**Data below**
━━━━━━━━━━
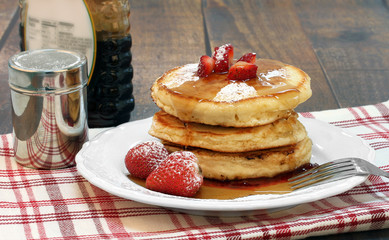 Pancakes with fresh strawberries, powdered sugar and maple syrup.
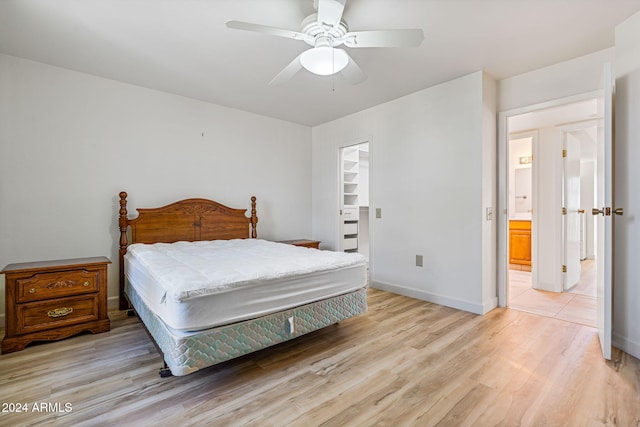 bedroom with a closet, light hardwood / wood-style floors, a walk in closet, and ceiling fan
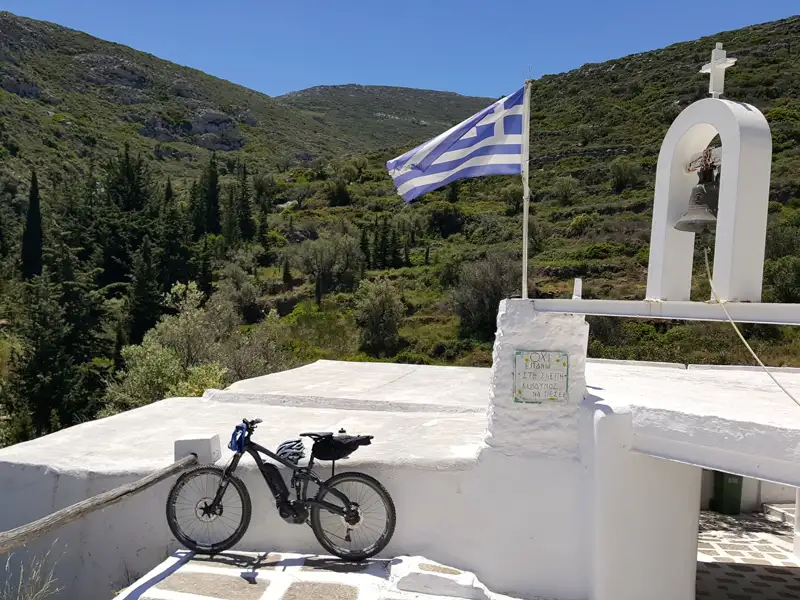 E-Bike vor einer weißen Kapelle in den griechischen Bergen. Eine griechische Flagge ist zu sehen.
━━━━━━━━━━
**Aim of the task**
A faithful copy of all the lines above is needed, with the pictures omitted.

**The answer**
 Pancakes with fresh strawberries, powdered sugar and maple syrup.
 bedroom with a closet, light hardwood / wood-style floors, a walk in closet, and ceiling fan
 E-Bike vor einer weißen Kapelle in den griechischen Bergen. Eine griechische Flagge ist zu sehen.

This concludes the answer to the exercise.